Kimi yörelerde ormandaki çalıları toplayıp bunları çalı süpürgesi yaparak zeytin, fındık harmanında çiftçiye satarak evine ekmek parası götürenler de bulunmakta. Ayrıca gece ve gündüz demeden cadde, sokakları hiç yüksünmeden arşınlayıp tozu, artığı, süprüntüyü temizleyen temizlik işçilerinin en büyük yardımcısı olan tahta saplı süpürgeleri unutursak onca hizmetlerine karşı vefasızlık yapmış oluruz. Helal lokma için sokakları dilsiz dostu süpürgeyle karış karış ederek pir ü pak etme azmindeki bu emekçilere bazen Erkin Koray gibi veryansın edenler de çıkmakta. Ne diyordu sanatçı o meşhur şarkısında “Aşktan yana şansım yok / Ağlıyorum derdim çok / Aşkımı kaybetmişim / Sordum sordum bulan yok / Dün gece çok aradım / Aradım bulamadım / Kör olası çöpçüler / Aşkımı süpürmüşler.” Bazen bu emekçi tayfası kendini bilmez veletlerin sözlü saldırısına da uğrar. Birkaç yıl önce Kocaeli’de bir gencin elindeki kemerle kendi halindeki temizlik işçisine sözlü ve fiziksel saldırıda bulunmasını unutamayız. Temizlikçi; bu genci  “Oğlum, bak git!” diye defalarca uyarmış, fakat genç aldırmamıştı. Sabır küpü taşan gariban emekçimiz, elindeki tahta saplı süpürgeyle bu haddini bilmezi kovalamıştı. Bu anları o esnada telefonuyla kameraya çeken başka biri, görüntüleri sanal aleme yükleyince birkaç dakikalık video izlenme rekoru kırmış, uyanık girişimcilerimiz de tişörtlerini basmıştı. Para kokusu alan bazı yapımcılar da filmini çekmişti.

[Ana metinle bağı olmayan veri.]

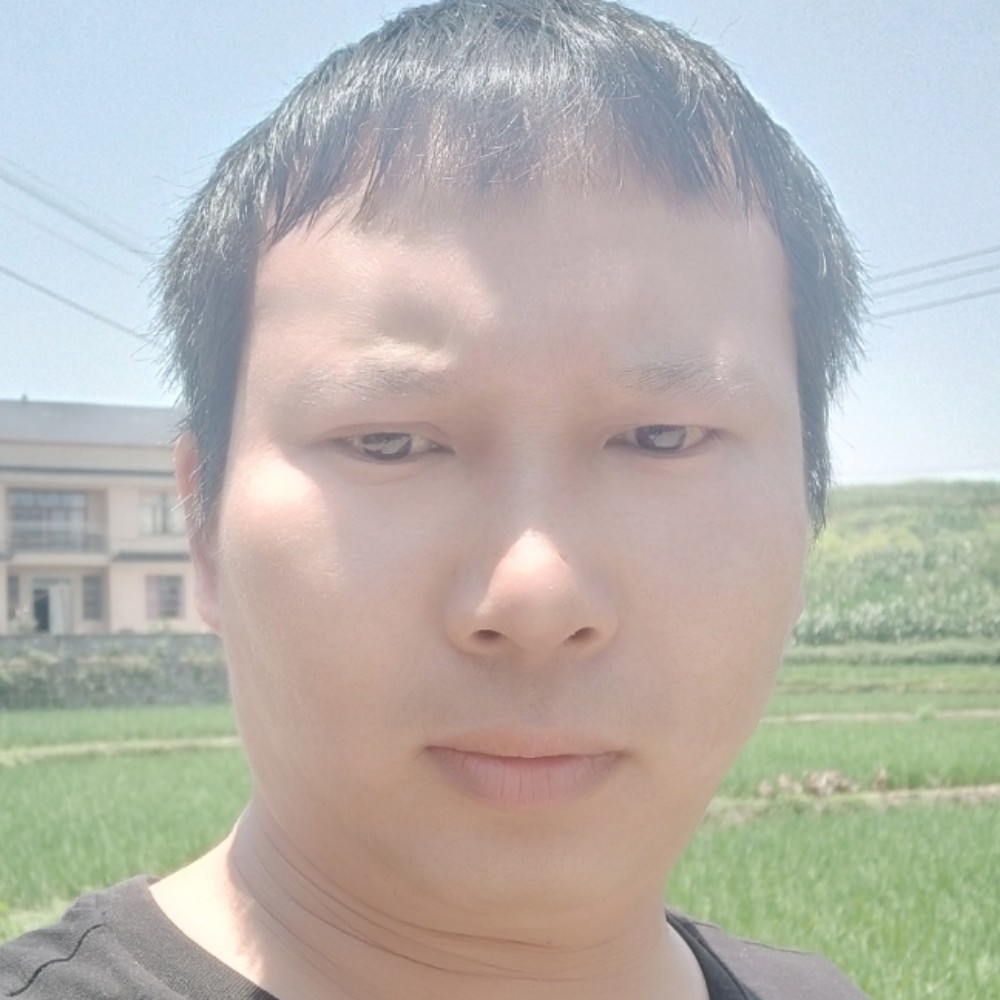 街角遇到你的照片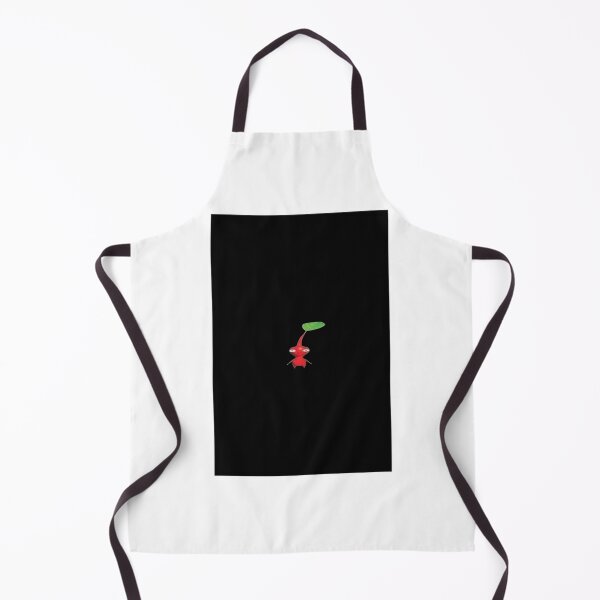 Item preview, Pikmin Concerto in D Minor designed and sold by yuisme.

Avrupa tarihinde tahta saplı süpürgenin imajı ise hiç de iyi değildir. Mitolojiye göre cadılar bu tahta saplı süpürgeye binerlerdi. Sivri şapkalı, siyah pelerinli cadılar süpürgelerine atlayınca kapıdan, pencereden hatta bacadan uçarak göğe çıkmaktaydı. Süpürgesiyle havalanıp giden kötü cadının şeytanla veya diğer cadılarla buluşmaya gittiği Avrupa mitolojisinde tasavvur edilirken on yedinci asırda cadı suçlamasıyla yaklaşık otuz bin kadının değişik biçimlerde öldürüldüğünü de hatırlatalım. Neyse ki son dönemde sinema ve fantastik romanlar sayesinde cadılar ve süpürge daha iyimser bir imaja kavuşmuştur. Burada Harry Potter’a daha doğrusu yazarı İngiliz J. K . Rowling’e teşekkür etmesek süpürgelerin bile gönlü kalır. Ne de olsa nice çocuğa süpürgeyle uçabileceklerini hayal ettirmesi küçümsenecek bir şey değil.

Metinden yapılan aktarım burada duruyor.